Connector Jobs API

The Connector Jobs API provides methods to start, monitor, and stop a datasource. A datasource is specific connector instance that connects to a defined repository, collects content, and sends it through an index pipeline.

The Connector Jobs API can also provide detailed information about the indexing job and each stage of the index pipeline.

To define and launch a job, simply use the datasource id with a POST request to start crawling.

Start, Stop or Check Status of a Job

The request path is:

/api/apollo/connectors/jobs/<id>

where <id> is the name of the datasource. A GET request will return the status of a job. A POST will create and start a job. PUT will start an existing job. DELETE will stop the job.

DELETE requests have the following parameters which control how running jobs are stopped:

Parameter Description

abort

When false, the default, the job will be allowed to finish processing before stopping. Use true, if you need the job to stop immediately.

wait_time

The wait_time allows you to configure the number of milliseconds to wait while stopping a job before the job is aborted.

If the job id is not specified, the DELETE request has the following parameters:

Parameter Description

connector

The name of a connector. This would allow you to stop all jobs using the 'lucid.dih' connector, for example, to stop all database crawls.

collection

The name of a collection, to stop all jobs for a single named collection.

Input

None.

Output

The output will include the state of the job (RUNNING, FINISHED, etc.), the start time, and documents retrieved so far (in counters).

Examples

Note
Use port 8765 in local development environments only. In production, use port 8764.
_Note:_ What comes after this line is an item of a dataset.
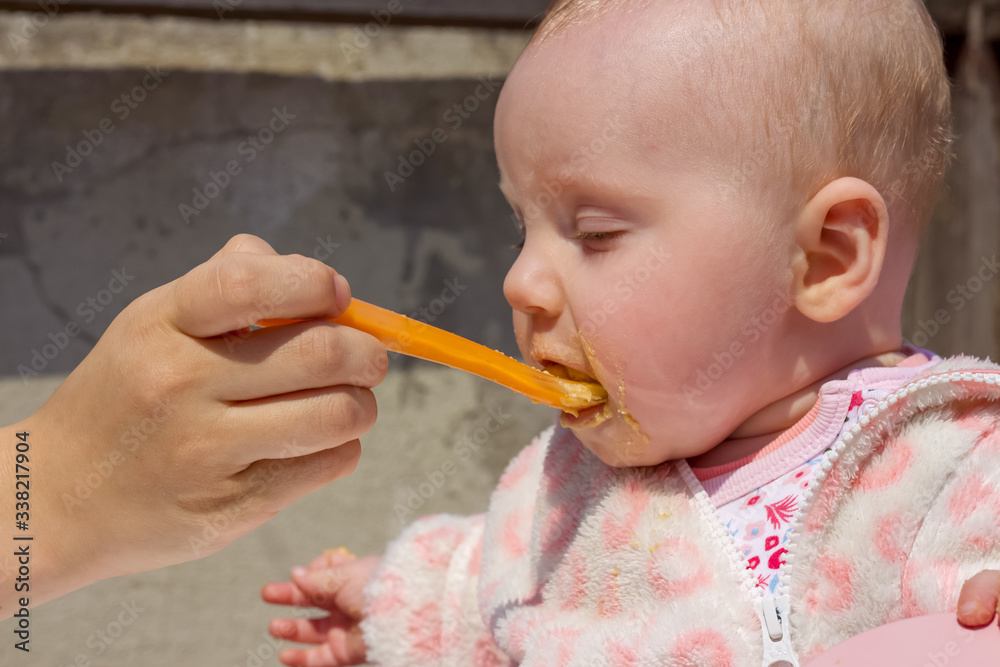 Mom feeding her little cute blonde baby girl with her baby's favorite food and baby's mouth is dirty,supplementary food Mom feeding her little cute blonde baby girl with her baby's favorite food and baby's mouth is dirty,supplementary food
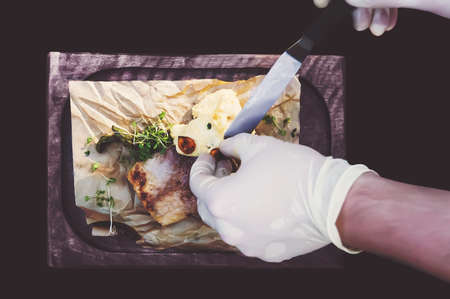 Process of cooking fish. hands cooks in clean white gloves puts a sauce on grilled fish. The view from the top.の写真素材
Start crawling a datasource named "MyDocs":

REQUEST

curl -u user:pass -X POST http://localhost:8764/api/apollo/connectors/jobs/MyDocs

RESPONSE

{
  "id" : "MyDocs",
  "dataSourceId" : "MyDocs",
  "state" : "RUNNING",
  "message" : null,
  "startTime" : 1397840639000,
  "endTime" : -1,
  "finished" : false,
  "counters" : { },
  "exception" : null,
  "running" : true
}

Get Detailed Job Statistics

To GET detailed job statistics, the request path is:

`/api/apollo/connectors/jobs/<id>/pipeline`

where <id> is the name of the datasource.

Input

None.

Output

The output will show the results of each stage of the index pipeline, including the number of documents processed at each stage.

For example, the field-mapping stage would just show the number of documents that passed through the stage. The tika-parser stage, however, will show the number of documents input from the connector and the number output to the next stage. In a solr-index stage, the number of documents processed would indicate the number of documents that were added to the index.

If a stage encountered errors for any or all documents, the error would be shown for each document. If all documents failed due to a badly formed index pipeline, the output of this REST API may be quite lengthy.

Examples

REQUEST

curl -u user:pass http://localhost:8764/api/apollo/connectors/jobs/TwitterSearch/pipeline

RESPONSE

{
  "stats" : {
    "counters" : {
      "stage.field-mapping::twitter-mapping" : {
        "processed" : 101
      },
      "stage.logging::conn_logging" : {
        "info" : 202,
        "processed" : 202
      },
      "stage.solr-index::solr-default" : {
        "command.ok.commit" : 1,
        "processed" : 201
      },
      "stage.tika-parser::tika" : {
        "input" : 101,
        "processed" : 202
      }
    },
    "gauges" : { },
    "histograms" : { },
    "meters" : { },
    "timers" : { }
  },
  "history" : {
    "events" : [ ]
  }
}